Exactly as written, give back every record below.

═════ Supplied records ═════

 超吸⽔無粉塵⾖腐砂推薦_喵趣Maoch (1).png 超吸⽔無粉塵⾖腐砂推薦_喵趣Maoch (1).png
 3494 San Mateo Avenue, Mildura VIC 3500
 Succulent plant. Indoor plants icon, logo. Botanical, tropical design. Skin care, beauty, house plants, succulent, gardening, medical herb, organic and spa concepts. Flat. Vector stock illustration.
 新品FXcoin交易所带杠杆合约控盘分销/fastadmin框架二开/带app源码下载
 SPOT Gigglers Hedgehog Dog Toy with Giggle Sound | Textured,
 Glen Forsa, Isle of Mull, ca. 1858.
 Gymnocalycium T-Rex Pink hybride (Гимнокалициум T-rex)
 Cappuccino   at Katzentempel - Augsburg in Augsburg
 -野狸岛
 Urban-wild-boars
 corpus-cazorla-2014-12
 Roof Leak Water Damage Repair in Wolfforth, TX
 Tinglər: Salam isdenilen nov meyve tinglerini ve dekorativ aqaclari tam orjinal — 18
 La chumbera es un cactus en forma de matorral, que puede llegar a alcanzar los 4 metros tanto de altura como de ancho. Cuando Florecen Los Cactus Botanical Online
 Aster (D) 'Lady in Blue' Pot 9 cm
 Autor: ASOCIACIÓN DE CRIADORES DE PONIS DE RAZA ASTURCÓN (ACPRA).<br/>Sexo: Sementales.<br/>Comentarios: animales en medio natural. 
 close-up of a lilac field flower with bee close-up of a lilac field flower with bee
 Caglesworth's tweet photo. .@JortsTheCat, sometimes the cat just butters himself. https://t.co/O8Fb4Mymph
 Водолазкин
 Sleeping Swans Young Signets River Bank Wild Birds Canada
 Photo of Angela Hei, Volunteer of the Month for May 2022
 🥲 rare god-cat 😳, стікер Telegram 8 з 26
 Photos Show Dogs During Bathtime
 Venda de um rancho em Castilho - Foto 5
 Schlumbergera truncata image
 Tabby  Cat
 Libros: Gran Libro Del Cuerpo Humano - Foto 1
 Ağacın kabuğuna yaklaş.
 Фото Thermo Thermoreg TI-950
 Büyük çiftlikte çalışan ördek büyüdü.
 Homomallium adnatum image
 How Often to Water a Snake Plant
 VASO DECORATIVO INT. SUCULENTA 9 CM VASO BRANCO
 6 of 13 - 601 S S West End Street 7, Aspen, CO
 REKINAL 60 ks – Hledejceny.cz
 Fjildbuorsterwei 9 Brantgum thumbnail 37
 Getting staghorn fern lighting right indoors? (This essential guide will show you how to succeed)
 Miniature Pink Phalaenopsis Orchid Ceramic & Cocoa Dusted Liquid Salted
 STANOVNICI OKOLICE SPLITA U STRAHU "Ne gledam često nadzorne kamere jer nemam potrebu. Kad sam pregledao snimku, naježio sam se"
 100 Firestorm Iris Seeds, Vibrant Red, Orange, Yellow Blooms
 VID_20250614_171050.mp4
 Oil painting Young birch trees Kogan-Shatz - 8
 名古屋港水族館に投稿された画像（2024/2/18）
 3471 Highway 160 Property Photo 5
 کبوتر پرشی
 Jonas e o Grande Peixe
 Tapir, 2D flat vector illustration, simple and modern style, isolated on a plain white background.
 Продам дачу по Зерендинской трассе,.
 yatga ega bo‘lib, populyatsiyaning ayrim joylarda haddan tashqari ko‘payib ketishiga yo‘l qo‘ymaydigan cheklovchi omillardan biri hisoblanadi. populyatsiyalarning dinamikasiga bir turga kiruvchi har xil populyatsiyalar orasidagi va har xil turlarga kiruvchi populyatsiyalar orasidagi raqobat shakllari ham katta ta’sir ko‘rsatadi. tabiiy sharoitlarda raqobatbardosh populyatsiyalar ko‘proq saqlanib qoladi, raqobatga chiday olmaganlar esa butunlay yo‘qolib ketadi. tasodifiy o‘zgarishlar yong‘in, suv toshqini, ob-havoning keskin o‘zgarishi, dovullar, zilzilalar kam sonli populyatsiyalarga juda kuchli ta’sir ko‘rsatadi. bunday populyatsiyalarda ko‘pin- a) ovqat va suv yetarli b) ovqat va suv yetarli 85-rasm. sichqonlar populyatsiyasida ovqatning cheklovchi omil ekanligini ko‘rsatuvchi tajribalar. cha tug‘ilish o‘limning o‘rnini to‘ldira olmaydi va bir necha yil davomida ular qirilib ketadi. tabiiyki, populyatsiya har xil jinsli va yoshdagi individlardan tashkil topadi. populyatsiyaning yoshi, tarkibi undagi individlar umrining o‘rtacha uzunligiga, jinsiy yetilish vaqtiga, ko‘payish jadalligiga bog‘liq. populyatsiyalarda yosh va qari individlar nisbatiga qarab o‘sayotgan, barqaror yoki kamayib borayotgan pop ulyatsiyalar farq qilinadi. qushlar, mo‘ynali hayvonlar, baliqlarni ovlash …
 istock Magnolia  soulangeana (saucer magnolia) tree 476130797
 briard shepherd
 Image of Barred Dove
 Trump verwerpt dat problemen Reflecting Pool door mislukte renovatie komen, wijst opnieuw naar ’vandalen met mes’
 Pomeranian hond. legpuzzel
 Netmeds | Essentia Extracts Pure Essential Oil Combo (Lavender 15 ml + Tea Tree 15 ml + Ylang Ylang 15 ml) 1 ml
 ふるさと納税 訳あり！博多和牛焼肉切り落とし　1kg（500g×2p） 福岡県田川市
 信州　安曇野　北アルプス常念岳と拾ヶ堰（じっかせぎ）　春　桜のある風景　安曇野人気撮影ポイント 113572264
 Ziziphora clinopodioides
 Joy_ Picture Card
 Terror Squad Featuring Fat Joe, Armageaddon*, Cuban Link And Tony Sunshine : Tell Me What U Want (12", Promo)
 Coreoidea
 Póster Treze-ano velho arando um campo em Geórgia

═════

Answer for this exercise:
 超吸⽔無粉塵⾖腐砂推薦_喵趣Maoch (1).png 超吸⽔無粉塵⾖腐砂推薦_喵趣Maoch (1).png
 3494 San Mateo Avenue, Mildura VIC 3500
 Succulent plant. Indoor plants icon, logo. Botanical, tropical design. Skin care, beauty, house plants, succulent, gardening, medical herb, organic and spa concepts. Flat. Vector stock illustration.
 新品FXcoin交易所带杠杆合约控盘分销/fastadmin框架二开/带app源码下载
 SPOT Gigglers Hedgehog Dog Toy with Giggle Sound | Textured,
 Glen Forsa, Isle of Mull, ca. 1858.
 Gymnocalycium T-Rex Pink hybride (Гимнокалициум T-rex)
 Cappuccino   at Katzentempel - Augsburg in Augsburg
 -野狸岛
 Urban-wild-boars
 corpus-cazorla-2014-12
 Roof Leak Water Damage Repair in Wolfforth, TX
 Tinglər: Salam isdenilen nov meyve tinglerini ve dekorativ aqaclari tam orjinal — 18
 La chumbera es un cactus en forma de matorral, que puede llegar a alcanzar los 4 metros tanto de altura como de ancho. Cuando Florecen Los Cactus Botanical Online
 Aster (D) 'Lady in Blue' Pot 9 cm
 Autor: ASOCIACIÓN DE CRIADORES DE PONIS DE RAZA ASTURCÓN (ACPRA).<br/>Sexo: Sementales.<br/>Comentarios: animales en medio natural. 
 close-up of a lilac field flower with bee close-up of a lilac field flower with bee
 Caglesworth's tweet photo. .@JortsTheCat, sometimes the cat just butters himself. https://t.co/O8Fb4Mymph
 Водолазкин
 Sleeping Swans Young Signets River Bank Wild Birds Canada
 Photo of Angela Hei, Volunteer of the Month for May 2022
 🥲 rare god-cat 😳, стікер Telegram 8 з 26
 Photos Show Dogs During Bathtime
 Venda de um rancho em Castilho - Foto 5
 Schlumbergera truncata image
 Tabby  Cat
 Libros: Gran Libro Del Cuerpo Humano - Foto 1
 Ağacın kabuğuna yaklaş.
 Фото Thermo Thermoreg TI-950
 Büyük çiftlikte çalışan ördek büyüdü.
 Homomallium adnatum image
 How Often to Water a Snake Plant
 VASO DECORATIVO INT. SUCULENTA 9 CM VASO BRANCO
 6 of 13 - 601 S S West End Street 7, Aspen, CO
 REKINAL 60 ks – Hledejceny.cz
 Fjildbuorsterwei 9 Brantgum thumbnail 37
 Getting staghorn fern lighting right indoors? (This essential guide will show you how to succeed)
 Miniature Pink Phalaenopsis Orchid Ceramic & Cocoa Dusted Liquid Salted
 STANOVNICI OKOLICE SPLITA U STRAHU "Ne gledam često nadzorne kamere jer nemam potrebu. Kad sam pregledao snimku, naježio sam se"
 100 Firestorm Iris Seeds, Vibrant Red, Orange, Yellow Blooms
 VID_20250614_171050.mp4
 Oil painting Young birch trees Kogan-Shatz - 8
 名古屋港水族館に投稿された画像（2024/2/18）
 3471 Highway 160 Property Photo 5
 کبوتر پرشی
 Jonas e o Grande Peixe
 Tapir, 2D flat vector illustration, simple and modern style, isolated on a plain white background.
 Продам дачу по Зерендинской трассе,.
 yatga ega bo‘lib, populyatsiyaning ayrim joylarda haddan tashqari ko‘payib ketishiga yo‘l qo‘ymaydigan cheklovchi omillardan biri hisoblanadi. populyatsiyalarning dinamikasiga bir turga kiruvchi har xil populyatsiyalar orasidagi va har xil turlarga kiruvchi populyatsiyalar orasidagi raqobat shakllari ham katta ta’sir ko‘rsatadi. tabiiy sharoitlarda raqobatbardosh populyatsiyalar ko‘proq saqlanib qoladi, raqobatga chiday olmaganlar esa butunlay yo‘qolib ketadi. tasodifiy o‘zgarishlar yong‘in, suv toshqini, ob-havoning keskin o‘zgarishi, dovullar, zilzilalar kam sonli populyatsiyalarga juda kuchli ta’sir ko‘rsatadi. bunday populyatsiyalarda ko‘pin- a) ovqat va suv yetarli b) ovqat va suv yetarli 85-rasm. sichqonlar populyatsiyasida ovqatning cheklovchi omil ekanligini ko‘rsatuvchi tajribalar. cha tug‘ilish o‘limning o‘rnini to‘ldira olmaydi va bir necha yil davomida ular qirilib ketadi. tabiiyki, populyatsiya har xil jinsli va yoshdagi individlardan tashkil topadi. populyatsiyaning yoshi, tarkibi undagi individlar umrining o‘rtacha uzunligiga, jinsiy yetilish vaqtiga, ko‘payish jadalligiga bog‘liq. populyatsiyalarda yosh va qari individlar nisbatiga qarab o‘sayotgan, barqaror yoki kamayib borayotgan pop ulyatsiyalar farq qilinadi. qushlar, mo‘ynali hayvonlar, baliqlarni ovlash …
 istock Magnolia  soulangeana (saucer magnolia) tree 476130797
 briard shepherd
 Image of Barred Dove
 Trump verwerpt dat problemen Reflecting Pool door mislukte renovatie komen, wijst opnieuw naar ’vandalen met mes’
 Pomeranian hond. legpuzzel
 Netmeds | Essentia Extracts Pure Essential Oil Combo (Lavender 15 ml + Tea Tree 15 ml + Ylang Ylang 15 ml) 1 ml
 ふるさと納税 訳あり！博多和牛焼肉切り落とし　1kg（500g×2p） 福岡県田川市
 信州　安曇野　北アルプス常念岳と拾ヶ堰（じっかせぎ）　春　桜のある風景　安曇野人気撮影ポイント 113572264
 Ziziphora clinopodioides
 Joy_ Picture Card
 Terror Squad Featuring Fat Joe, Armageaddon*, Cuban Link And Tony Sunshine : Tell Me What U Want (12", Promo)
 Coreoidea
 Póster Treze-ano velho arando um campo em Geórgia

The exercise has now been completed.